Sistem ekonomi Indonesia, berdasarkan pada pendekatan epistomologis sedikit menimbulkan kesulitan, kalah bersaing dengan sistem ekonomi Islam (lebih dikenal dengan Ekonomi Syari'ah), yang contoh riil-nya sudah banyak dibuktikan melalui pembentukan lembaga keuangan berbasis syar'i, disamping buku teks-nya yang sudah banyak beredar dan sudah diajar pada perguruan tinggi, baik sebagai mata ajar atau program studi tersendiri (strata 1 dan strata 2).

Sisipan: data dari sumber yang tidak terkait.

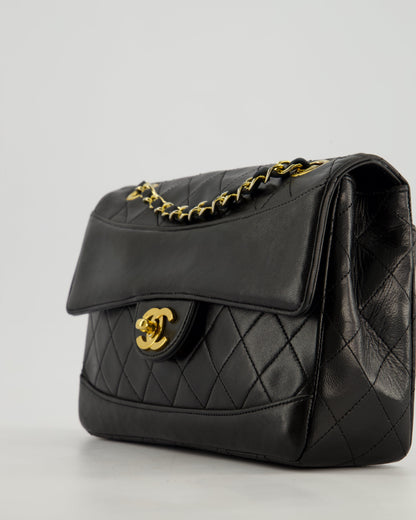 Chanel Vintage Black Classic Small Timeless Classique Flap Bag in Lambskin Leather with 24k Gold Hardware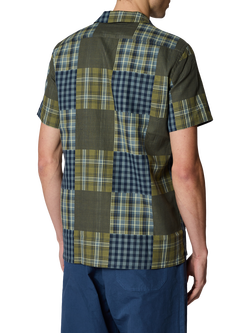 Paul Smith Patchwork Check Button Through Short Sleeve Cotton Shirt, Green - view 2, Green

Oleh Dawam Rahardjo (2004) disebutkan pada tahun 1981, Arief Budiman; berdasarkan pendekatan sosiologi, mengatakan konsep manusia dalam Ekonomi  Pancasila adalah homo socius dan homo religius. Berbeda dengan dengan konsep menurut ekonomi sosialis; hanya murni sebagai homo socius, yang cenderung melakukan kerjasama dan mengutamakan kepentingan lebih umum, dibandingkan pribadi. Sementara sistem kapitalis, memandang manusia sebagai homo economicus, dengan kecenderungan sifat serakahnya, tidak mau diatur dan lebih mengutamakan kepentingan pribadinya.
Permasalahannya adalah ide Arif Budiman ini tidak dikembangkan lebih lanjut, padahal Mubyarto sendiri mengusulkan perlunya pendekatan multi disipliner dalam melihat gejala ekonomi (termasuk Ekonomi Pancasila), karena ketidakmampuan mazhab neoklasik untuk melihat semua gejala ekonomi yang terus berkembang dalam dimensi waktu dan ruang yang berbeda.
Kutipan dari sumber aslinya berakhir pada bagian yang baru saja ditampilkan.